Different imaging techniques offer complementary strengths and weaknesses: some produce detailed views of individual cells but introduce distortions from tissue processing, while others preserve overall geometry but lack cellular detail. The Duke atlas provides a common spatial reference so diverse datasets can be registered, aligned, and compared without geometric inconsistencies.
The project and its methods are described in a paper published April 30, 2025, in the journal Science Advances. Among the Duke coauthors are first author Harrison Mansour, programmer/analyst at the Duke Center for In Vivo Microscopy, and Leonard E. White, associate professor of neurology.
The atlas is freely available for download and works with multiple open-source display packages, making it useful both as an educational tool for students and as a precise research resource for neuroscientists. Current applications include tracking progressive cell loss and structural changes in models of Alzheimer’s and Huntington’s diseases and evaluating brain effects after environmental toxin exposure.
To build the atlas, the team began with diffusion tensor MRI, acquiring three-dimensional images from five perfusion-fixed mouse brains while still in the skull. These images were captured at 15-micron resolution—the highest resolution reported for diffusion tensor imaging in mouse brains—thanks to imaging strategies and hardware refined over four decades at the Duke Center for In Vivo Microscopy. This level of detail represents a resolution many orders of magnitude finer than clinical MRI.
Those MRI volumes were then registered to microCT scans of the mouse skull to establish precise external bony landmarks such as bregma and lambda. After mapping the brains in situ, the researchers removed them from the skull for light sheet microscopy, enabling cellular-resolution imaging that was coregistered back into the same stereotaxic space.
“By combining MRI, microCT, and light sheet microscopy at the highest achievable spatial resolution within one shared coordinate system, we created one of the most comprehensive mouse brain maps to date,” Johnson said.

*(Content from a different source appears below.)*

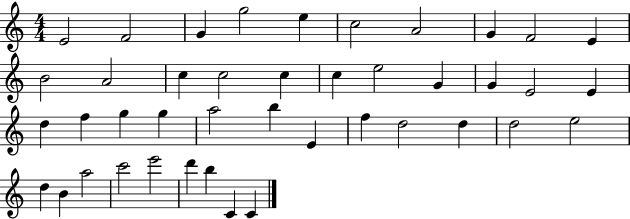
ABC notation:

About this brain mapping research news
Author: Shantell Kirkendoll ([email protected])
Source: Duke University
Contact: Shantell Kirkendoll – Duke University
Image: The image is credited to Duke University
Original Research: Open access. “The Duke Mouse Brain Atlas: MRI and light sheet microscopy stereotaxic atlas of the mouse brain” by G. Allan Johnson et al., Science Advances. DOI: 10.1126/sciadv.adq8089
Abstract
The Duke Mouse Brain Atlas: MRI and light sheet microscopy stereotaxic atlas of the mouse brain
Brain atlases are essential tools that let researchers share and compare data within a common reference frame. Until now, there has been no comprehensive three-dimensional stereotaxic atlas of the mouse brain that provides continuous coverage from macrostructures to single-cell detail.
The research team acquired diffusion tensor images from five perfusion-fixed (in skull) mouse specimens at 15-micrometer resolution, producing multiple complementary 3D volumes that each emphasize different aspects of cytoarchitecture. These averaged MRI volumes were mapped into micro–computed tomography (microCT) scans of the skull to define external landmarks, and light sheet microscopy images of the same brains were coregistered to provide cellular maps in the same stereotaxic coordinate system.
To correct geometric distortions in existing references, the Allen Reference Atlas was registered to this new volume and adjusted into the stereotaxic space. The resulting multiscalar atlas—comprising roughly 13 terabytes of image data—establishes a shared spatial framework for integrating molecular, structural, and functional mouse brain studies.